[Problem statement]
Return the entries below word for word. No picture belongs in the copy.
Records section start
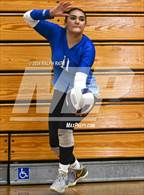 Photo from the gallery "Orland @ University Prep"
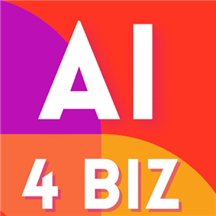 SignatureGPT - AI for Business logo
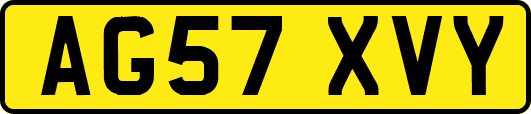 AG57XVY
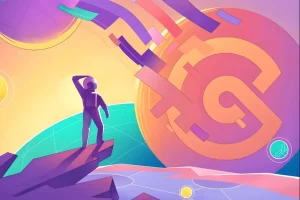 CET، قلب تپنده‌ی کوینکس: کاربردها و آینده‌ی توکن بومی کوینکس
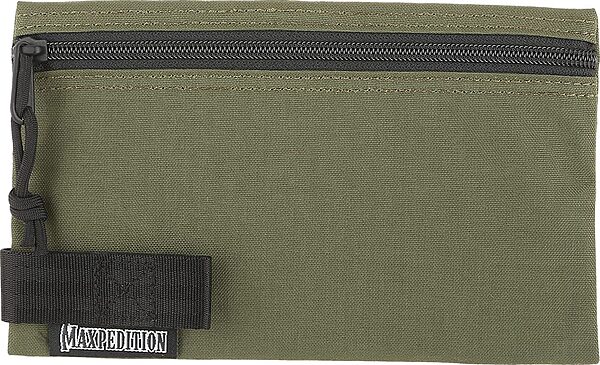 MAXPEDITION Twofold Pouch
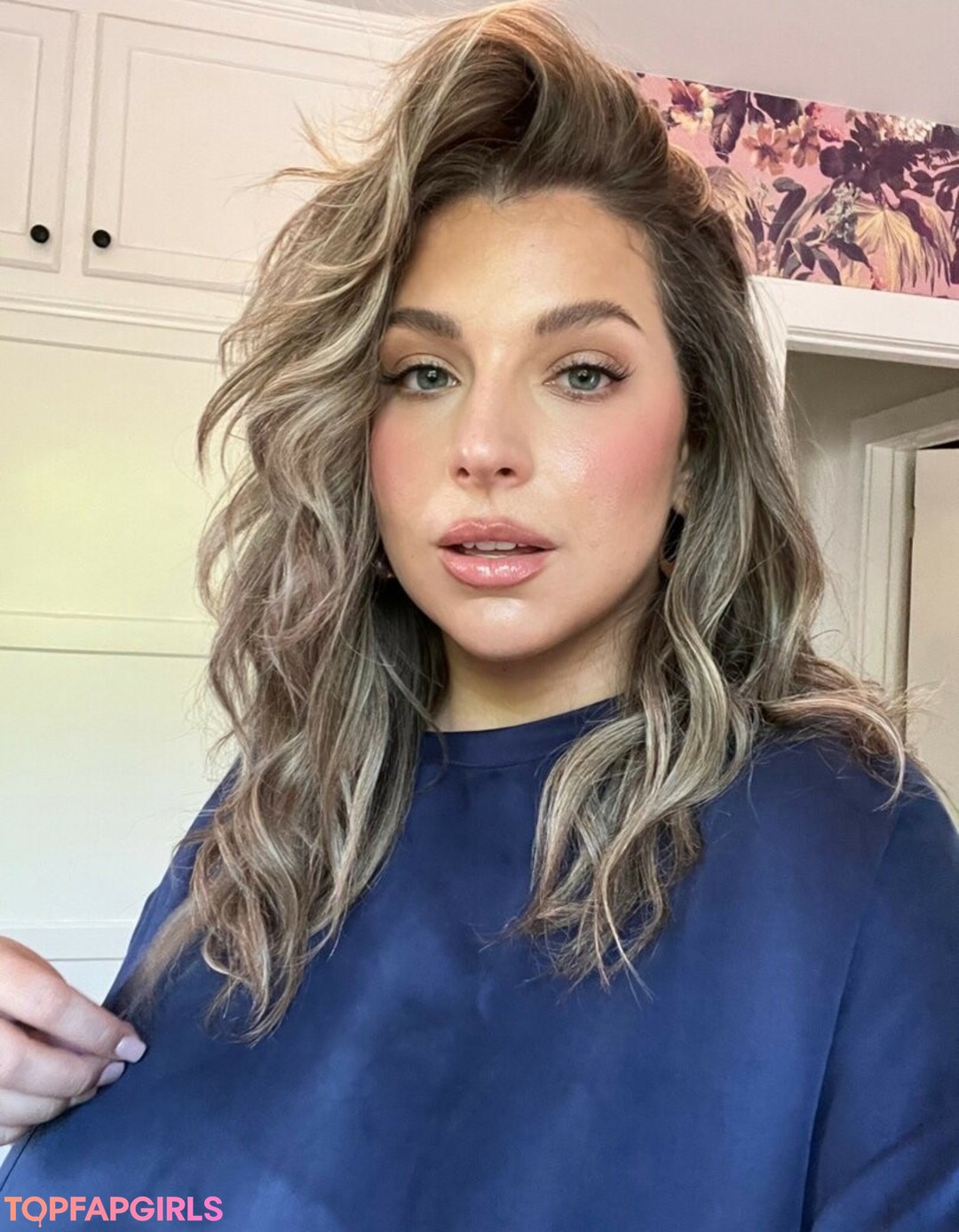 Foto desnuda filtrada de OnlyFans de Alex Gervasi #875 Foto desnuda filtrada de OnlyFans de Alex Gervasi #875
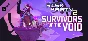 Risk of Rain 2 - Survivors of the Void DLC * STEAM🔥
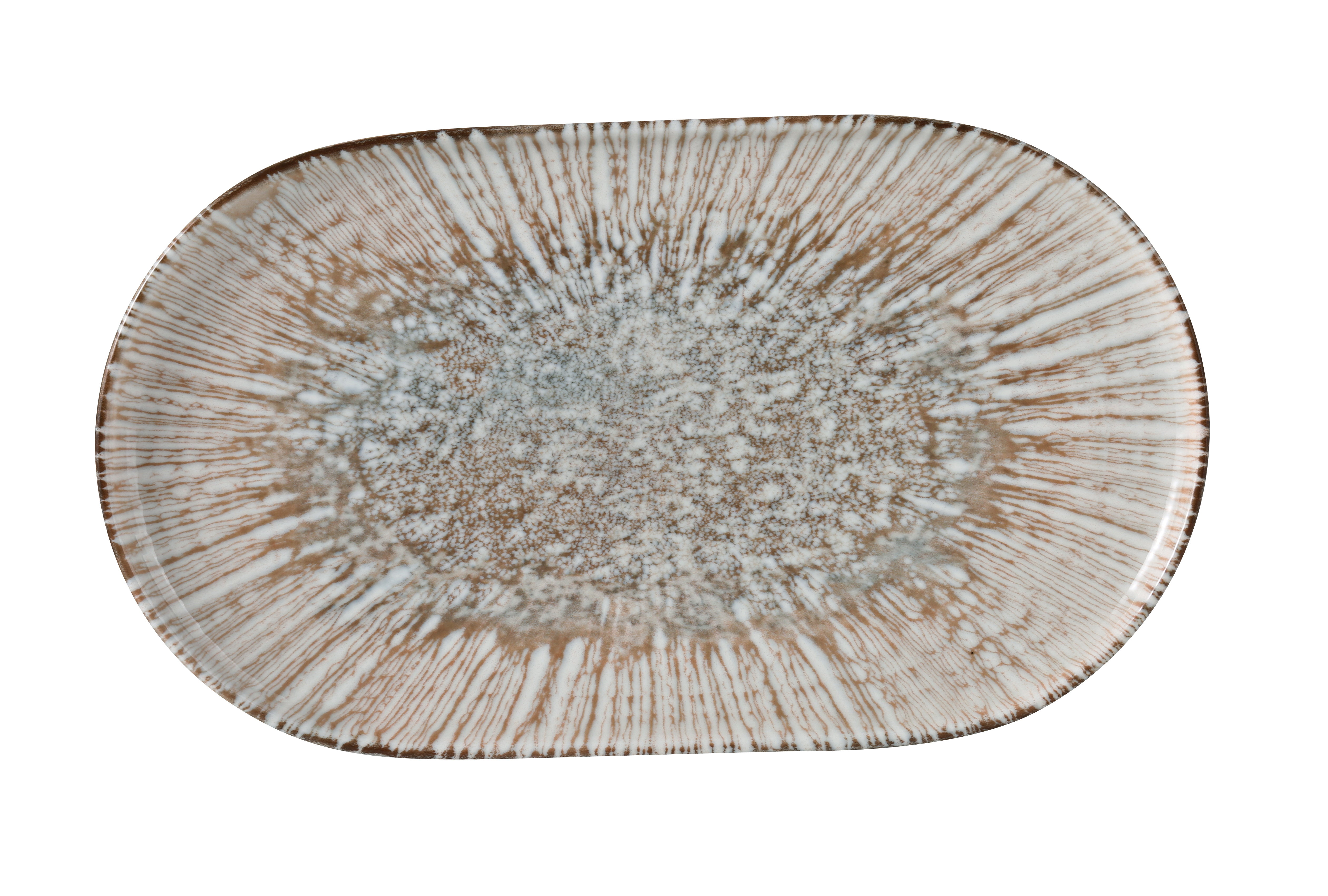 Yanco China LE-215 - Item 275630
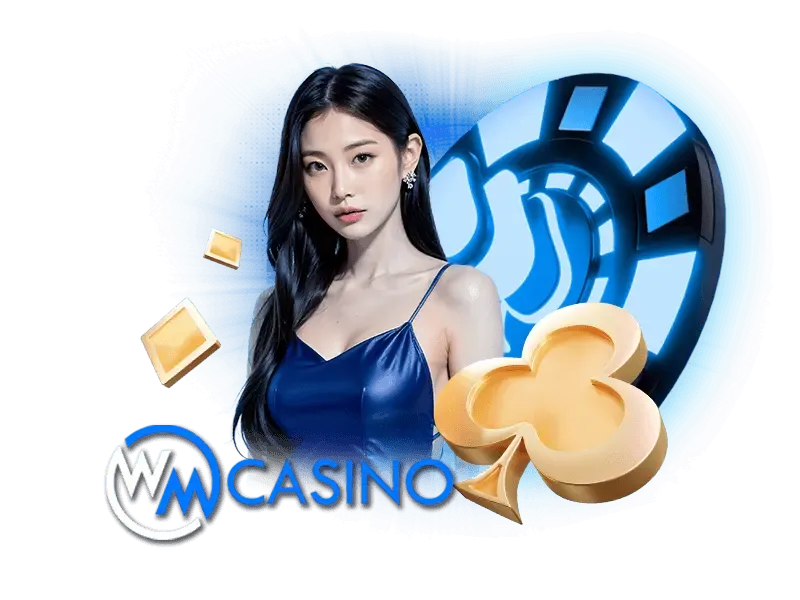wm by gmaxbet
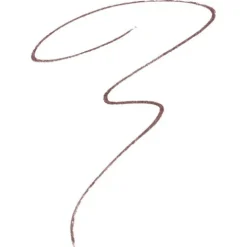 Maybelline Brow Ultra Slim Lápis De Definição Para Sobrancelhas 04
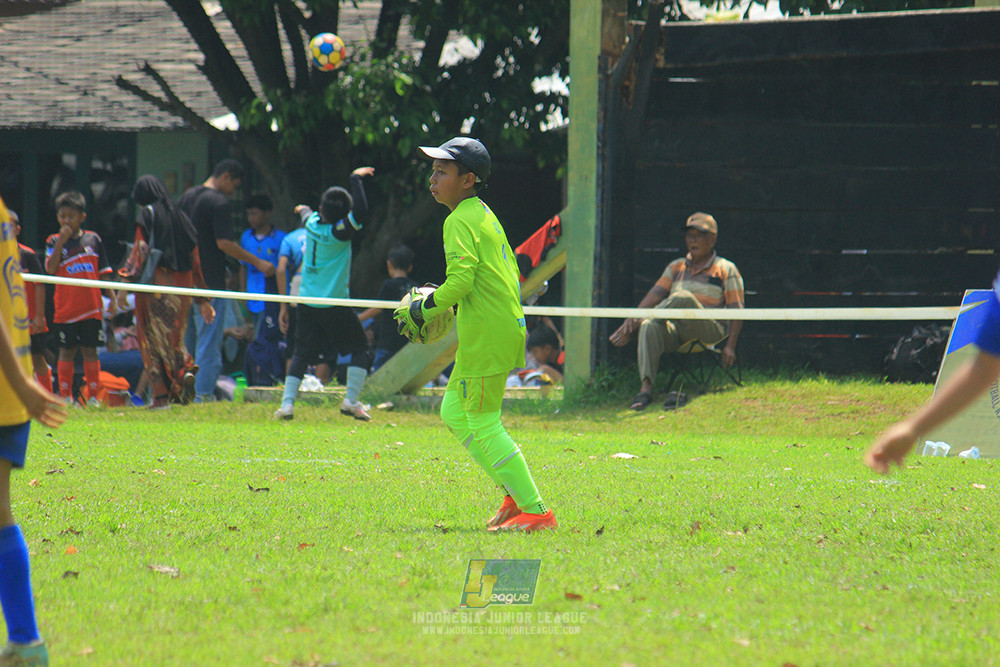 ijl big16 u10 021125 tunas jakarta vs brazillian soccer lfa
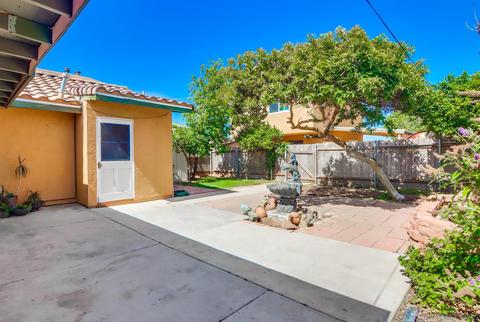 417 8th St, Imperial Beach, CA 91932 photo 25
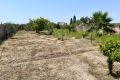 Verkoop - Villa - Daya Nueva - Costa Blanca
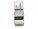 AddOn SFP-10G-T-5-5DB-AO Image 7 from Left side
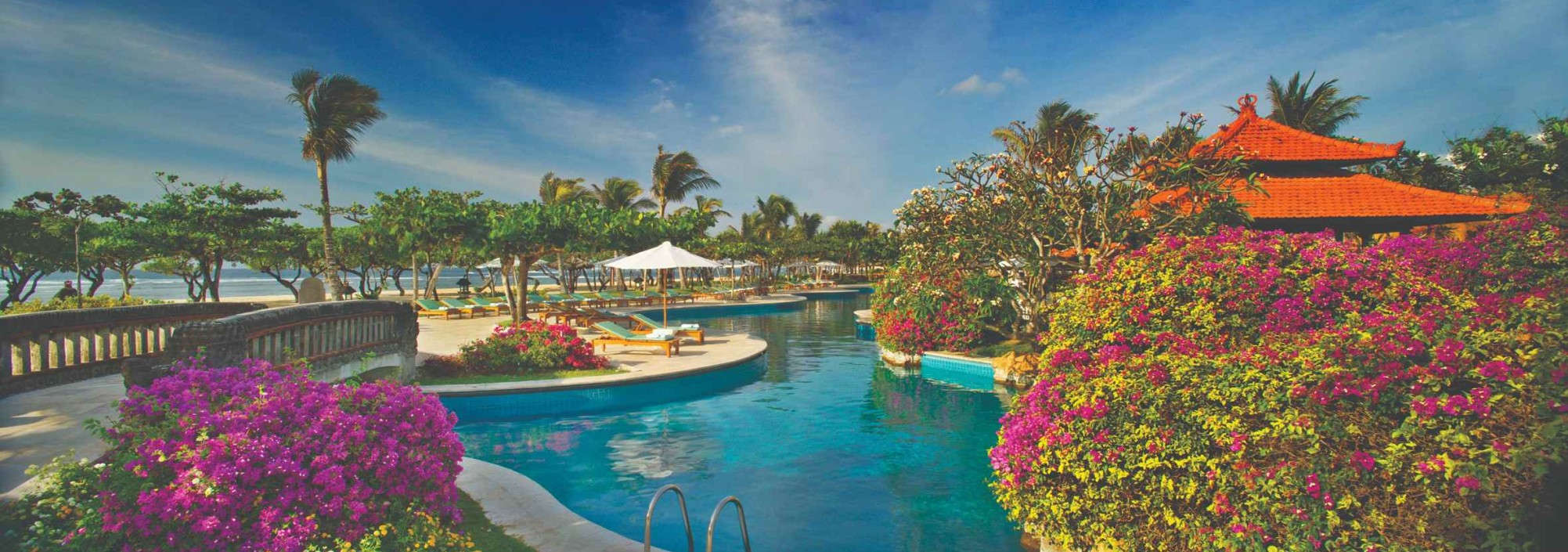 pool-grand-hyatt-nusa-dua-balitravel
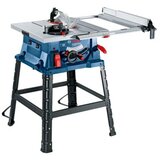Pila GTS 254 Stoni cirkular 1800W | Eponuda.com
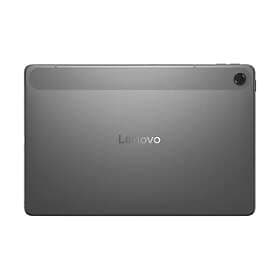 Lenovo Tab 10.1" 4GB RAM 128GB WiFi ZAEL0027GB
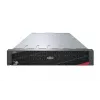 Fujitsu PRIMERGY RX2540 M6 server rack (2U) Intel Xeon Gold 6334 3,6 GHz 8-jadrový, 32 GB RAM, 16x SFF 2,5" hot-swap SATA, bez HDD, DVD SuperMulti, 2x 900 W
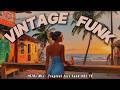 Sip slow, the night is still young 🌴 Silky 70s Tropical Jazz Funk – TFD Vol.79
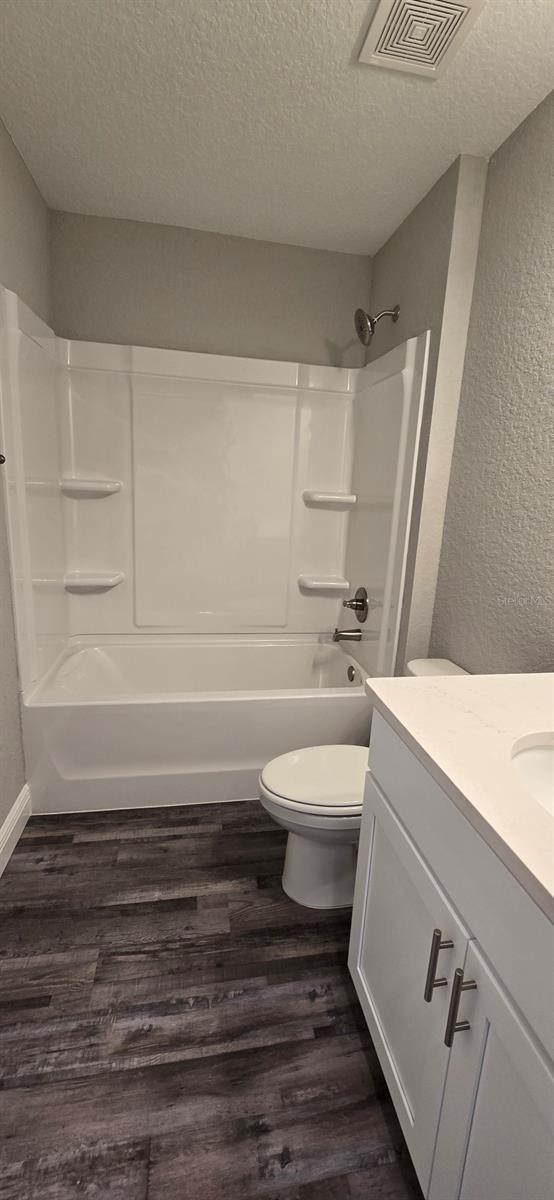 217 Oak Lane Cir Property Photo 12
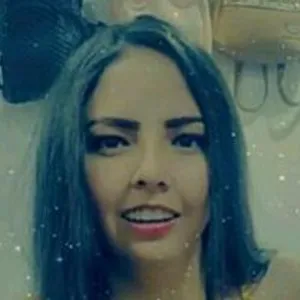 thalyakis from bongacams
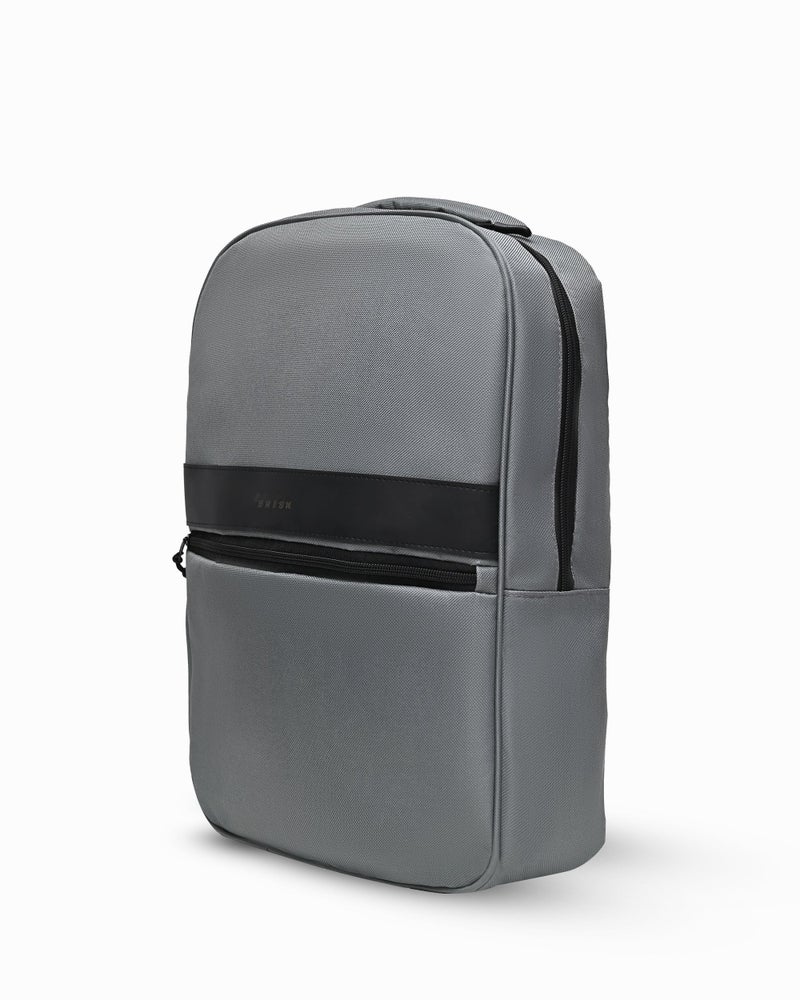 BRISK Multifunction Unisex Backpack - Laptop -Versatile for Travel - Business & Everyday Use - Image 3
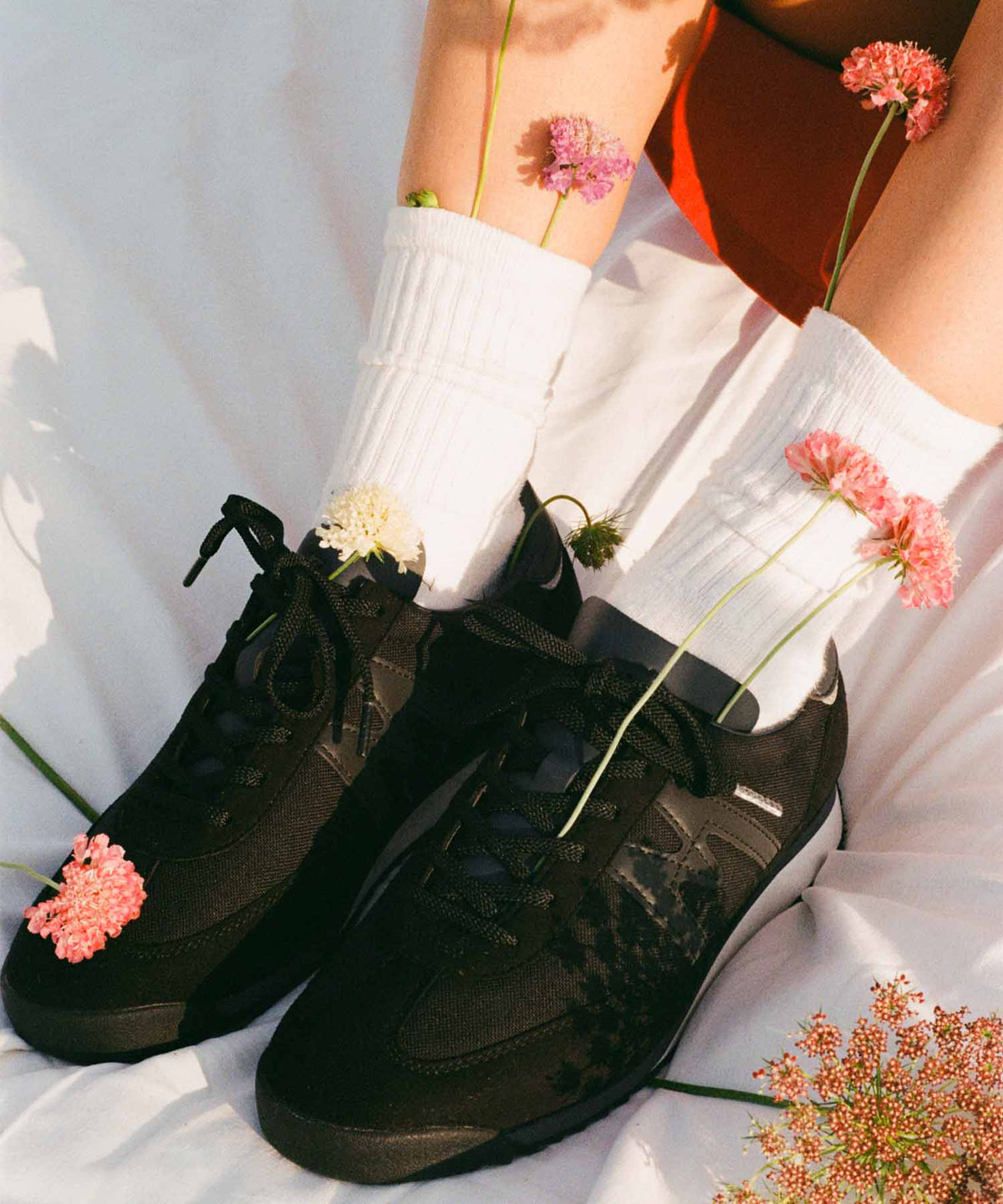 MESTARI【25FW NEW】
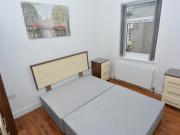 apartment for rent at 3 65 Ulsterville Avenue, Belfast,...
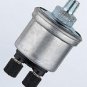 GM Part 12562571 Oil Pressure Sending Unit Sender Astro Express Savana Safari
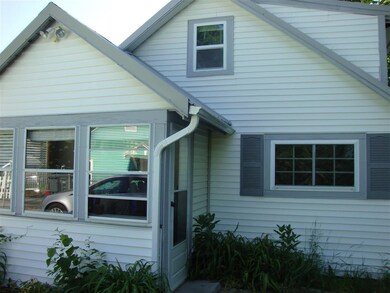 12 Hillcrest Ave, Pembroke, NH 03275 - photo 2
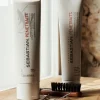 Sebastian Penetraitt Deep Stregthening Y Repair Mask 500Ml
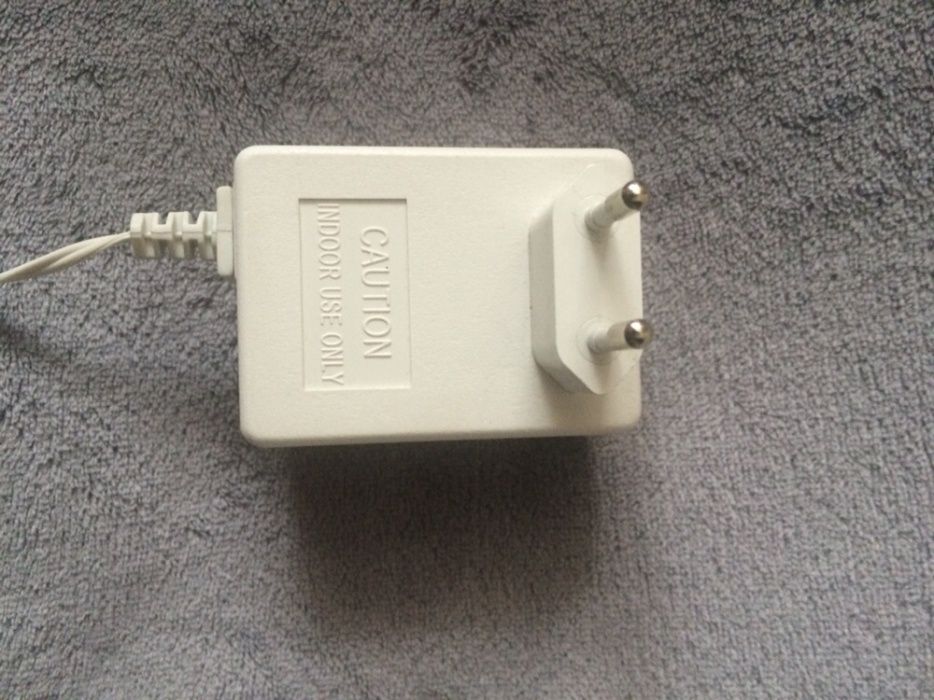 Panel świetlny adaptor AC-AC BL - 12V500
Records section end
[Expected output]
 Photo from the gallery "Orland @ University Prep"
 SignatureGPT - AI for Business logo
 AG57XVY
 CET، قلب تپنده‌ی کوینکس: کاربردها و آینده‌ی توکن بومی کوینکس
 MAXPEDITION Twofold Pouch
 Foto desnuda filtrada de OnlyFans de Alex Gervasi #875 Foto desnuda filtrada de OnlyFans de Alex Gervasi #875
 Risk of Rain 2 - Survivors of the Void DLC * STEAM🔥
 Yanco China LE-215 - Item 275630
wm by gmaxbet
 Maybelline Brow Ultra Slim Lápis De Definição Para Sobrancelhas 04
 ijl big16 u10 021125 tunas jakarta vs brazillian soccer lfa
 417 8th St, Imperial Beach, CA 91932 photo 25
 Verkoop - Villa - Daya Nueva - Costa Blanca
 AddOn SFP-10G-T-5-5DB-AO Image 7 from Left side
 pool-grand-hyatt-nusa-dua-balitravel
Pila GTS 254 Stoni cirkular 1800W | Eponuda.com
 Lenovo Tab 10.1" 4GB RAM 128GB WiFi ZAEL0027GB
 Fujitsu PRIMERGY RX2540 M6 server rack (2U) Intel Xeon Gold 6334 3,6 GHz 8-jadrový, 32 GB RAM, 16x SFF 2,5" hot-swap SATA, bez HDD, DVD SuperMulti, 2x 900 W
 Sip slow, the night is still young 🌴 Silky 70s Tropical Jazz Funk – TFD Vol.79
 217 Oak Lane Cir Property Photo 12
 thalyakis from bongacams
 BRISK Multifunction Unisex Backpack - Laptop -Versatile for Travel - Business & Everyday Use - Image 3
 MESTARI【25FW NEW】
 apartment for rent at 3 65 Ulsterville Avenue, Belfast,...
 GM Part 12562571 Oil Pressure Sending Unit Sender Astro Express Savana Safari
 12 Hillcrest Ave, Pembroke, NH 03275 - photo 2
 Sebastian Penetraitt Deep Stregthening Y Repair Mask 500Ml
 Panel świetlny adaptor AC-AC BL - 12V500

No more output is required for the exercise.